L'Affaire des coupeurs de têtes

Ethnologique - Social - Religieux MAJ vendredi 10 juillet 2015

Note accordée au livre: 4 sur 5

Grand format
Inédit

Tout public

Prix: 0 €

Moussa Konaté
Paris : Métailié, mai 2015
150 p. ; 22 x 14 cm
ISBN 979-10-226-0159-7
Coll. "Noir"

Comment passer les menottes à un esprit ?
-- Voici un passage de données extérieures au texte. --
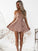 A-Line/Princess Off-The-Shoulder Short/Mini Dresses Homecoming Dresses Lace Kelly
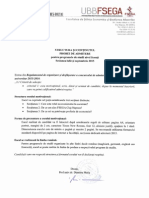 Structura Si Continutul Probei de Admitere-nivel Licenta-2015 UCluj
Le récit s'ouvre sur une gigantesque fête joyeuse et colorée. Les habitants de la ville de Kita célèbrent le retour de leur équipe de foot victorieuse. Il s'achèvera sur les deux policiers qui, ayant résolu l'enquête, éclateront de rire. L'ensemble du nouveau roman du Malien Moussa Konaté est à l'aune de ces deux moments. Une joyeuse cohue, une enquête louvoyant entre deux plaisanteries où l'on se moque gentiment de son prochain. D'ailleurs les criminels, si l'on enlève l'aspect meurtrier, fabriquent eux aussi une sorte de farce, parfois macabre. En effet, notre défilé festif et sportif du début va se débander lorsque des enfants en jouant au football touchent accidentellement un homme endormi qui se révèle être un mendiant mort, auquel on a coupé la tête ! Et ce cadavre mutilé est le début d'une série.
Comme nous sommes en Afrique et que les croyances sont différentes, que la mentalité est autre, l'on ne pense pas immédiatement à un tueur en série, mais plutôt à un crime lié à un acte de sorcellerie ou à une attaque d'esprits. Cela tombe à propos car, justement, après le premier meurtre, un fantôme parcourt les rues de la ville et depuis le haut des collines harangue la foule ou perturbe les villageois qui viennent à le croiser. Visiblement, il s'agit d'une vengeance des esprits ou d'une malédiction - va-t-en savoir ! -, avec des esprits peu loquaces. Toujours est-il que lorsque d'autres corps sans tête commencent à décorer la ville, cela inquiète forcément.
Devant l'angoisse de la population, et le réveil d'antagonismes ethniques, le commissaire Habib, originaire du coin, vient de la capitale, pour découvrir la vérité. Une enquête nonchalante, qui joue sur les coutumes (un mixage étonnant entre pratiques musulmanes orthodoxes et restes du panthéisme africain), et qui manie avec soin un mélange détonnant entre psychologie fine et recherches sur Internet, entre goût du détail et poursuites au cœur de la nuit, pour cerner la vérité. Le commissaire traque, mais ne peut s'empêcher de goûter à nouveau aux plats locaux, se moque de son adjoint qui doit apprendre mieux, en observant et surtout en mangeant les recettes locales, car ce sont elles qui font de son peuple des gens intelligents (!).
Récit court qui est à la fois une enquête et un regard amusé sur le monde, sur un univers africain contaminé par la modernité économique délétère et qui y perd l'âme que n'avait peut-être pas détruit la colonisation physique, L'Affaire des coupeurs de tête est une évocation sensible et intelligente, un véritable conte africain maîtrisé, une leçon dont le seul regret sera qu'il est l'œuvre posthume d'un auteur qui comptait. En effet, Moussa Konaté est décédé en 2013 à Limoges...

Citation

En fait, la vue du coupe-coupe et l'état du mort qui gisait à leurs pieds avaient déclenché en eux un soupçon que personne n'osait avouer publiquement.